Panics due to depth overflow when deriving `ExtendedSpendingKey` on 256 levels and greater

[quapka]

Hi,
When researching depth overflow for BIP32 keys I've noticed that Zcash's child derivation can also overflow the depth. Consider the following example that panics:

diff --git a/src/zip32.rs b/src/zip32.rs
index 93b1cf5..247f1e4 100644
--- a/src/zip32.rs
+++ b/src/zip32.rs
@@ -244,6 +244,18 @@ mod tests {
         assert!(xsk_5.is_ok());
     }

+    #[test]
+    fn derive_child_depth_overflows() {
+        let seed = [0; 32];
+        let mut xsk = ExtendedSpendingKey::master(&seed).unwrap();
+
+        let i_5 = ChildIndex::hardened(5);
+        for _ in 0..256 {
+            xsk = xsk.derive_child(i_5).unwrap();
+        }
+
+    }
+
     #[test]
     fn path() {
         let seed = [0; 32];

In case of Bitcoin the issue is then that the serialized keys overflow (the depth has to fit into a single byte).
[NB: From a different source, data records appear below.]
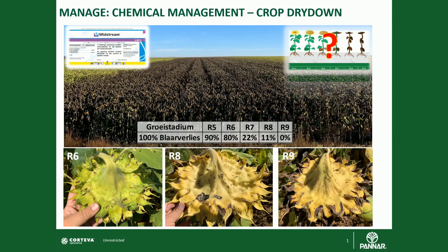It is very important to time desiccation correctly, as desiccating too early can cause significant yield loss. The table shown indicates the percentage yield loss expected at different growth stages with total leaf loss: at R5 stage almost 90% yield loss, at R6 around 80%, and at maturity (R9) essentially no yield loss. The photos show that at R6 the sunflower is still green — nearly 80% yield loss — while when the back of the head is yellow and the small bracket leaves have turned brown, the seed is mature and desiccation can proceed safely.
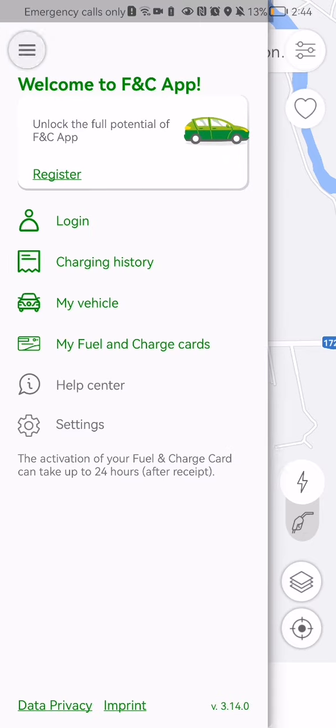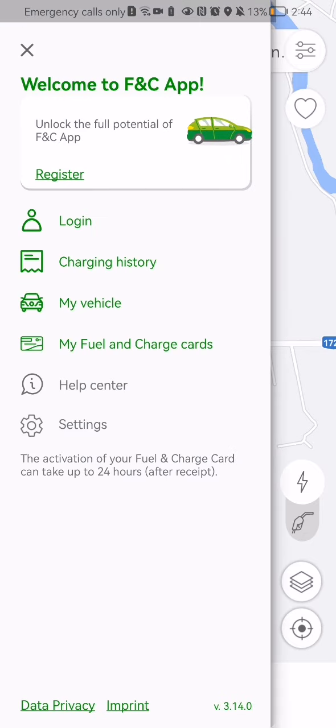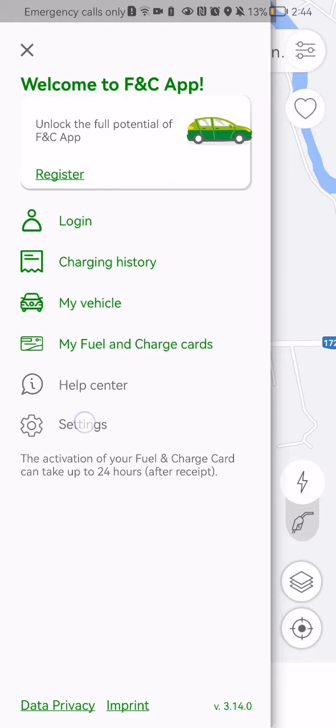Press on it and here in this page you should select the settings option and you can see here the second section which is account privacy and you can just press on share usage data anonymously.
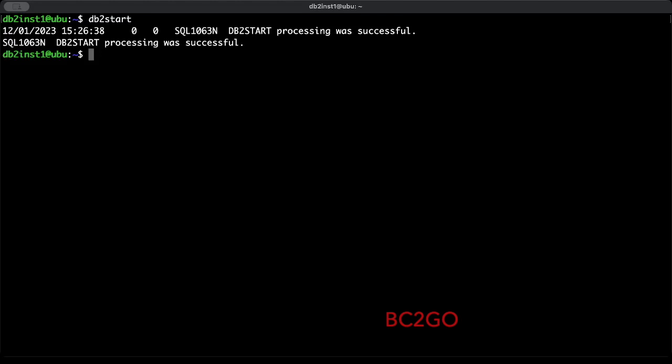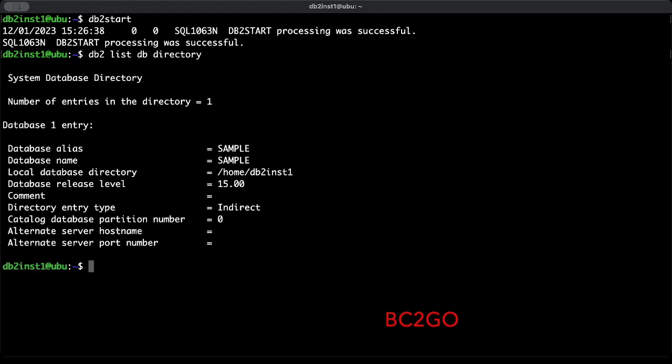Type db2 list db directory. As you see, we have only the example database. Let's create our first database. Type db2 create database and then give your database a name. In my case, bc2go.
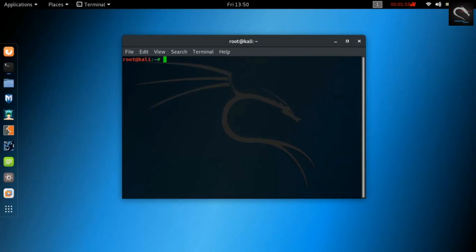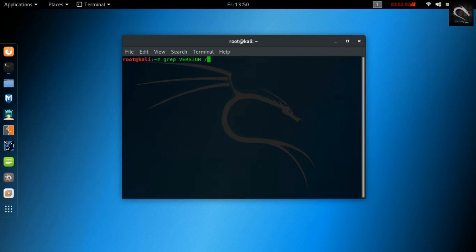If you would like to check out this latest and greatest Kali release, you can find download links for ISOs and torrents on the Kali Downloads page, along with links to the Offensive Security Virtual Machine and ARM images, which have also been updated to 2018.4.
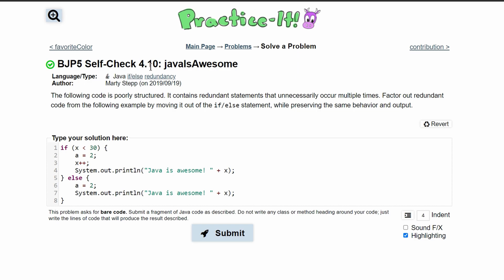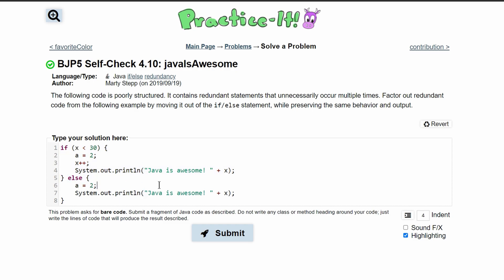Self-check 4.10 — Java is awesome. We are given code that is improperly structured; it still works, however it is very repetitive and has unnecessary lines of code. This is super important in learning how to simplify our own code.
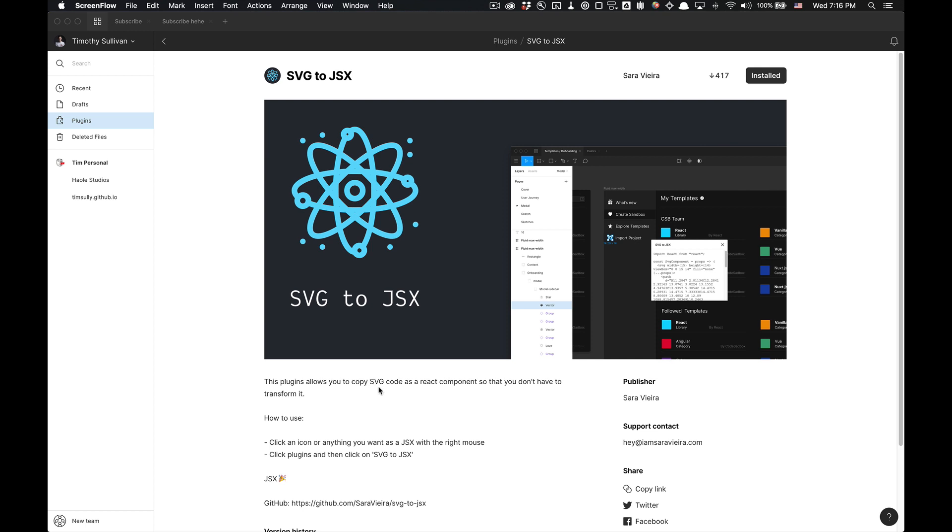It's going to teach you how to basically copy the SVG code as a React component. It's going to convert your icon into a React component so you don't have to transform it yourself.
For Zcash, apart from the panic, I am not sure about other possible issues.

[quapka]

I'm not familiar enough with Zcash, in case of Bitcoin both xprv and xpub tend to be affected. Also there are various derivation paths, e.g., deriving the child xpub directly from xprv could silently overflow. Since Zcash keys work differently, I haven't found similar issues here. Regex searching the repository for /\+\s+1/ shows only the above example.